The bottom line is you get to manage multiple advanced AI models and data tasks through one standard, predictable API interface.

1. Subscribe to this MCP in Vinkius and provide your required Cohere API Key.
2. Connect your agent (e.g., Claude, Cursor) once from that single client connection.
3. Your agent can then execute the various NLP operations—like generating embeddings or reranking documents—as part of a larger workflow.

## Frequently Asked Questions

**How do I get a Cohere API Key?**
Log in to the [**Cohere Dashboard**](https://dashboard.cohere.com/api-keys), go to **API Keys** and click **Create API Key**. Copy the key immediately — it starts with a random string and won't be shown again. Free tier includes trial access with rate limits.

**What models are available?**
Use the `list_models` tool to see all available Cohere models. Key models include command-r-plus (most capable, 128K context), command-r (efficient, 128K context), command-r7b (lightweight, 128K context), embed-v4 (embeddings) and rerank-v3.5 (reranking).

**Can I send multi-turn conversations?**
Yes!
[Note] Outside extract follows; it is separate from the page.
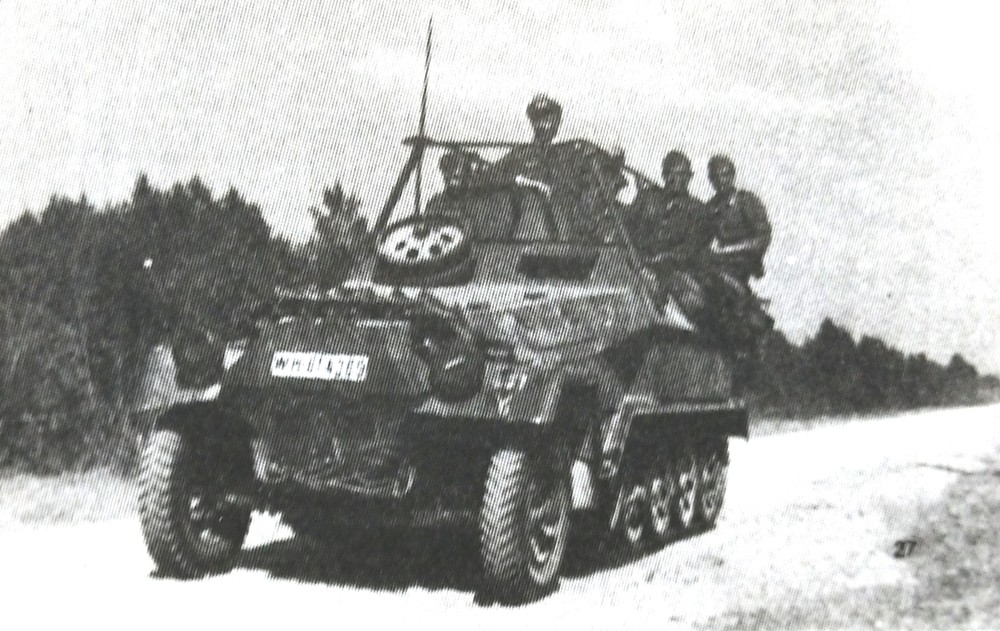 1941年夏天,东线苏联战场,隶属德军第8装甲师的一辆Sd.Kfz.251/3(Ausf.B型车体)Ⅰ型半履带装甲通讯指挥车。与其它型号的通讯指挥车不同的地方是框形天线的前支撑架是固定在车厢边角上。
Pass a messages array with alternating 'user', 'assistant' and 'system' roles. Each message has a 'role' and 'content' field. Command models support function calling and will return tool_calls when appropriate.

**What is reranking and when should I use it?**
Reranking reorders a set of documents by their relevance to a query. Use it after an initial search to improve result quality. The rerank tool takes a query, list of documents and returns them ranked by relevance score. Cohere's rerank models are industry-leading for search applications.

**When using the `embed` tool, how do I choose the right input type for my vectors?**
You must specify the purpose when calling `embed`. Use 'search_document' to index general text for similarity search. Alternatively, use 'classification' if your goal is grouping or labeling documents based on predefined categories.

**How do I estimate my token count before running a long chat with the `chat` tool?**
Run the `tokenize` tool first. It returns the precise list of token IDs and strings, letting you accurately predict how many tokens your prompt will use for cost estimation or length checks.

**When using the `rerank` tool, how do I ensure I only get the top results?**
You set the optional `top_n` parameter when running `rerank`. This limits the output to return exactly N documents, which saves tokens and keeps your search result display clean.

**Does the `chat` tool support structured responses or function calling?**
Yes, the `chat` tool handles explicit tool call functionality. It returns not only conversational text but also detailed data about any potential functions it determines are necessary to execute.